- Certain Quarterbarges No Longer Considered "Vessels" for Purposes of the Jones Act
- July 8, 2014 | Author: Stephen H. Clement
- Law Firm: Jones Walker LLP - New Orleans Office
It's been nearly a year and a half since the Supreme Court redefined the term "vessel" in Lozman v. City of Riviera Beach and the practical effects of that decision are beginning to appear in recent case law. In Lozman, the Court held that in order to determine whether an "artificial contrivance" is a vessel, a court must determine whether "a reasonable observer, looking to the structure's physical characteristics and activities, would consider it designed to a practical degree for carrying people or things over water." Since then, courts around the country have applied the new definition to the cases in front of them, often disrupting prior judicial precedent. One such case out of the Eastern District of Louisiana is Martin v. Fab-Con, Inc., in which Judge Vance strayed from the Fifth Circuit's holding in Holmes v. Atl. Sounding Co. and held that a "sleeping barge" was not a vessel.

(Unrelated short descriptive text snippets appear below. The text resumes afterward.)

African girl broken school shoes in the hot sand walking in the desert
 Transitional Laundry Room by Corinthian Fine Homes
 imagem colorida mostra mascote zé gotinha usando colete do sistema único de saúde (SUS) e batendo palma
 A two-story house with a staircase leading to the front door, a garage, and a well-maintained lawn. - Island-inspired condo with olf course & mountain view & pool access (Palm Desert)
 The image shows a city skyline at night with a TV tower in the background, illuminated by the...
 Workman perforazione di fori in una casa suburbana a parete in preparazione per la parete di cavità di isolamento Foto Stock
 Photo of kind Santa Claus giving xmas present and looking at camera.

In 2006, the Fifth Circuit held in Holmes that the quarterbarge BT-213 was a "vessel" for purposes of the Jones Act. The BT-213 was "in effect, a floating dormitory," with a four-person crew of two cooks and two janitors, sleeping quarters, toilet facilities, a galley, locker rooms, and electrical generators. It had a raked bow, but no navigational or steering equipment or lifeboats. The barge was not capable of self-propulsion, but it had temporary running lights installed when it was to be towed. The Fifth Circuit concluded that the BT-213 was properly considered a vessel, because it was "'practically capable' of transporting equipment," such as the "sleeping and eating 'equipment'" and feeding and housing supplies on board," and because it had a raked bow, was outfitted with "vessel-like gear," and was only temporarily moored.
In Martin, however, Judge Vance held that the contrivance at issue, the UNITY, was not a vessel, despite being "nearly indistinguishable" from the BT-213. The UNITY had no rudder or other steering mechanism, had remained stationary for most of the past several years, and its interior was similar to living quarters on land. Judge Vance noted that the Lozman majority found that the analysis used by the Fifth Circuit in Holmes was "inappropriate and inconsistent with Supreme Court precedent" and that the Supreme Court explicitly rejected the argument that a quarterbarge can be considered a vessel because it can transport "its own furnishings and related personal effects." Further, the UNITY was incapable of moving under its own power and even when it was being towed, it never transported a crew or cargo. Instead, it was designed exclusively to house workers, serving, in the words of its owner, as a "floating hotel."
The legal ramifications of Martin are not industry changing. However, they do disqualify an entire category of "artificial contrivances" from being considered "vessels." Maritime employers can now safely assume that an employee's time spent living or working on barges like the UNITY and the BT-213 will not be considered when determining the amount of time he or she has worked on vessels for purposes of the Jones Act.